Trump Rallies May Have Killed 700 People: Trump’s rallies likely led to thousands of coronavirus cases and hundreds of deaths, according to a Stanford University report published last week. The economists’ study, which hasn’t been peer reviewed, estimated that 18 Trump election rallies over the summer were linked to more than 30,000 confirmed cases of Covid-19 and 700 deaths. “Our analysis strongly supports the warnings and recommendations of public health officials” regarding the risk of Covid’s transmission at large group gatherings,” the researchers wrote. Read more from Naomi Nix.

Atlas Apologizes Over Interview to Russian Agency: One of Trump’s top medical advisers issued an apology yesterday for giving an interview to a Russian news agency that’s registered as a foreign agent in the U.S. Scott Atlas, a physician and one-time Fox commentator who rose to the president’s inner circle after repeatedly downplaying the risk of the coronavirus, issued an apology in a tweet, in particular to U.S. national security officials. “I regret doing the interview and apologize for allowing myself to be taken advantage of. I especially apologize to the national security community who is working hard to defend us,” he said. Read more from Josh Wingrove.

Panel Rips Trump Response to Pandemic: The Trump administration’s response to the pandemic has been “inefficient, ineffective and inequitable,” according to a report by the House Select Subcommittee on the Coronavirus Crisis. The 69-page report, based in part on hearings and briefing by administration officials, calls the pandemic“an American fiasco” and the administration’s response “among the worst failures of leadership in American history.” Relief programs for workers and businesses were weakened by the administration’s giving priority to bigger companies and that inadequate financial controls led to “significant fraud, waste, and abuse,” according to the report. Read the report here.
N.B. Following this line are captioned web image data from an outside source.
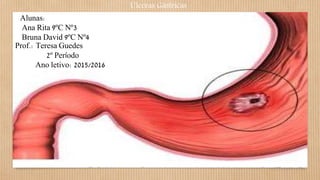 Úlceras Gástricas
Alunas:
Ana Rita 9ºC Nº3
Bruna David 9ºC Nº4
Prof.: Teresa Guedes
2º Período
Ano letivo: 2015/2016
 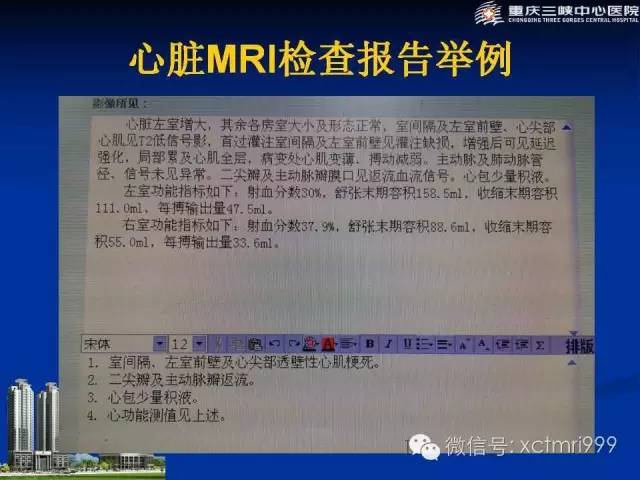 【PPT】心脏MRI简介及实例分析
Covid Straining Hospitals From Poland to Utah: Surging cases of coronavirus across Europe and North America are filling intensive-care beds, straining hospitals and prompting some to warn of shortages, as the global pandemic takes a worrying turn. Hospitalizations skyrocketed in more than a dozen countries in Europe, with new admissions soaring beyond the peak reached last spring in a swathe from Austria to Portugal. In the U.S., where new daily cases topped a record 92,000 on Friday, hospitalization rates have climbed 12% over the past month, with over one in six inpatients in South Dakota having the coronavirus, government data show. Read more from Jason Galle.

Testing, Treatment & Research:

Global Response & Coordination:

What Else to Know

Georgia Moves to Begin Obamacare Exit: Georgia yesterday won approval of its plan to walk away from the federal Obamacare exchange, marking the most far-reaching departure yet from the signature health-care law. The Georgia Access Plan will require consumers wanting to enroll in Obamacare to shop for and buy coverage directly from insurers or through web brokers. The state will transition from the federal HealthCare.gov exchange to a private sector platform starting in plan year 2023, the Centers for Medicare & Medicaid Services said in a statement announcing the approval. Read more from Alexis Kramer.
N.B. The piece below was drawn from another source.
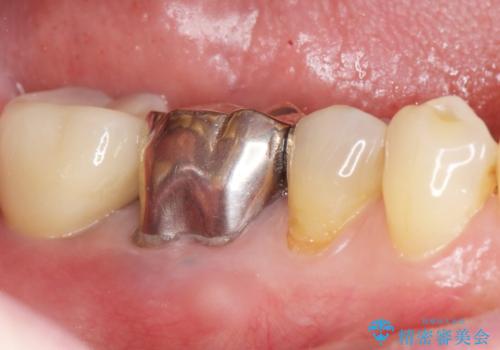 骨が少なくインプラントできないと言われた 下の奥歯のインプラント 60代男性の治療後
Block on LGBTQ Health Rule Capped: A federal district court in New York said it can’t temporarily block some provisions of a Health and Human Services Department rule that allows health-care providers and insurers to discriminate against LGBTQ people. The U.S. District Court for the Eastern District of New York last week clarified the scope of a preliminary injunction it issued in August against the HHS rule. Because the transgender women who fought the HHS rule didn’t allege specific instances of discrimination from insurers and because neither is enrolled in Medicare or Medicaid, the court said it can’t temporarily block provisions of the rule. Read more from Lydia Wheeler.

Texas Abortion Law to Get Rehearing: A Texas law restricting dilation-and-evacuation abortion will be reviewed by the entire Fifth Circuit, the court announced Friday, withdrawing a recent opinion in which a split three-judge panel struck the law as unconstitutional. The court opted to rehear the case on its own motion, after a majority vote by active, non-disqualified judges. This move vacates an opinion in October striking abortion restrictions in Texas Senate Bill 8, which barred D&E abortions except if the doctor first ensures “fetal demise” in utero. Read more from Jacklyn Wille.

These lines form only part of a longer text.